» Task prompt: No pictures go into the copy. Write out exactly the lines below from the one containing "Postęp wdrażania wg" through the one containing "Страница 37 ГОСТ Р 70340-2022".

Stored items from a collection
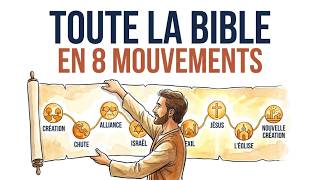 La Bible en un seul plan : les 8 mouvements qui changent tout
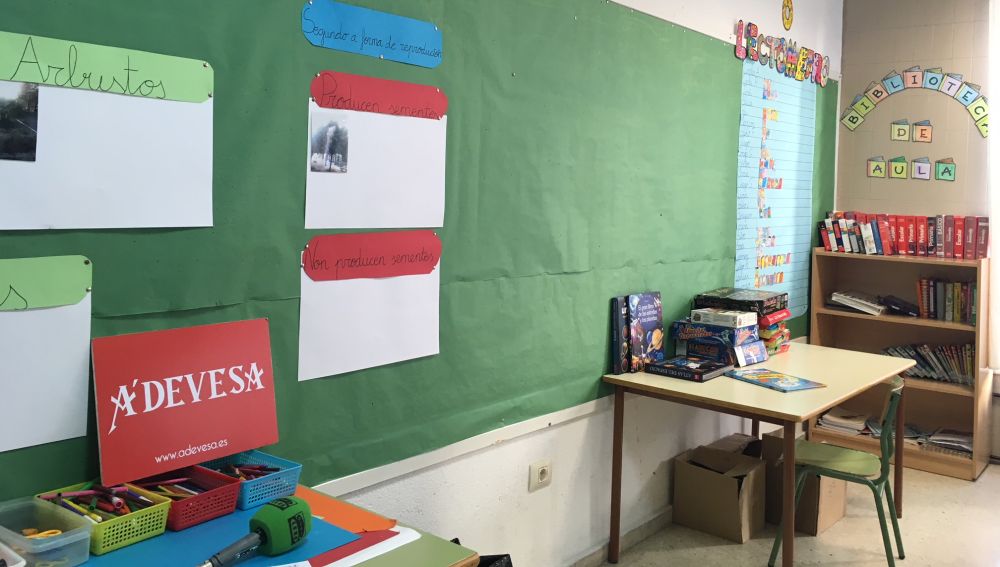 Ceip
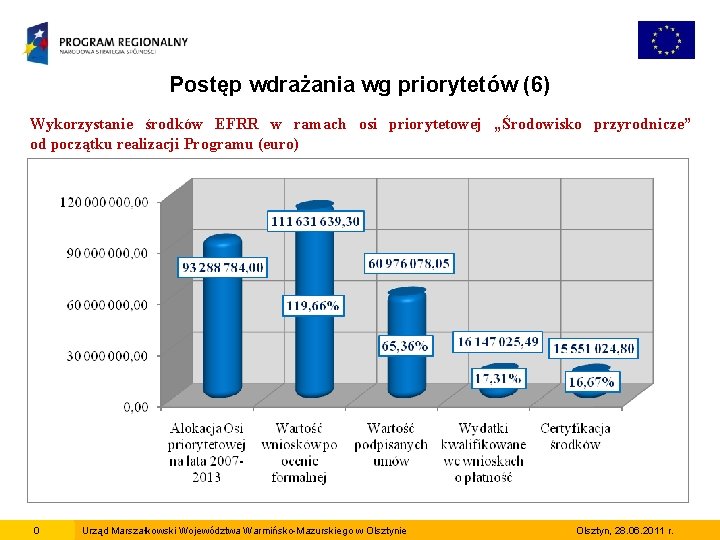 Postęp wdrażania wg priorytetów (6) Wykorzystanie środków EFRR w ramach osi priorytetowej „Środowisko przyrodnicze”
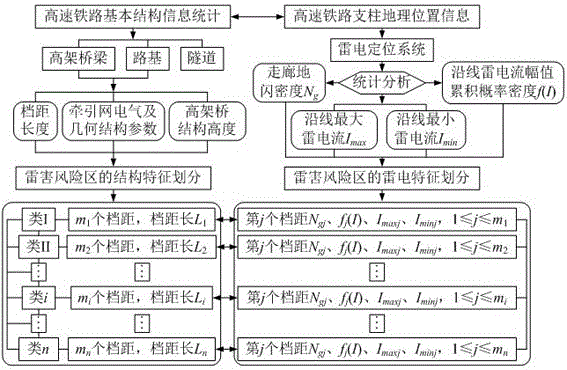 Direct lightning analysis method for calculation of projected area of ​​three-dimensional exposed arc surface of high-speed railway traction network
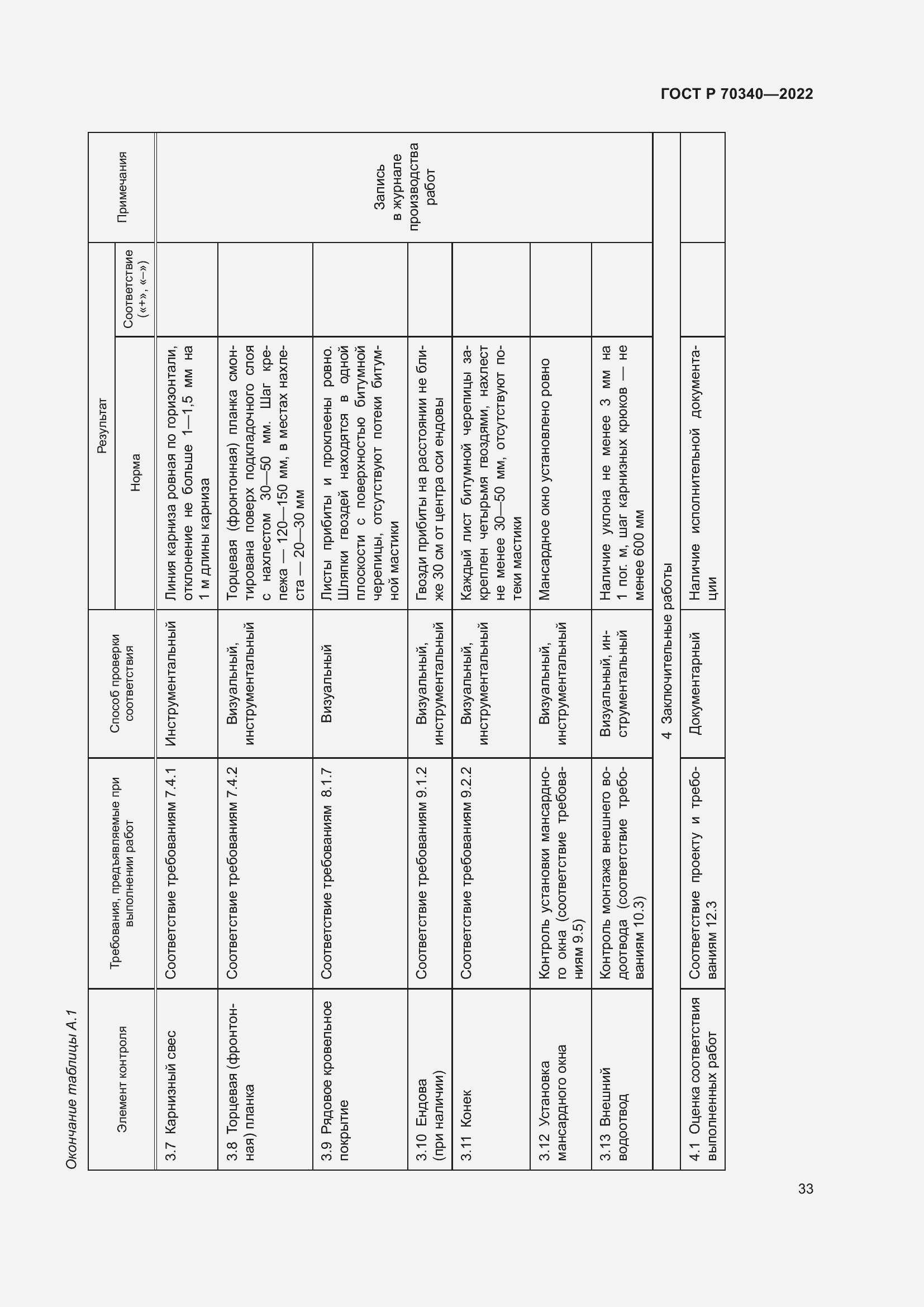 Страница 37 ГОСТ Р 70340-2022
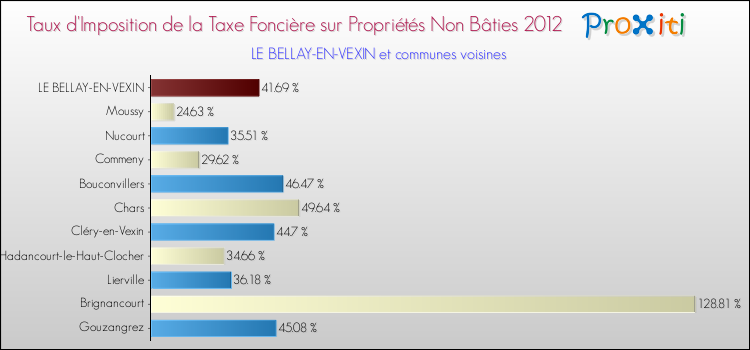 Taux d'imposition de la taxe foncière sur les immeubles et terrains non batis 2012 pour LE BELLAY-EN-VEXIN et les communes proches Comparaison des taux d'imposition de la taxe foncière sur les immeubles et terrains non batis 2012 pour LE BELLAY-EN-VEXIN et les communes voisines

» Solved problem:
 Postęp wdrażania wg priorytetów (6) Wykorzystanie środków EFRR w ramach osi priorytetowej „Środowisko przyrodnicze”
 Direct lightning analysis method for calculation of projected area of ​​three-dimensional exposed arc surface of high-speed railway traction network
 Страница 37 ГОСТ Р 70340-2022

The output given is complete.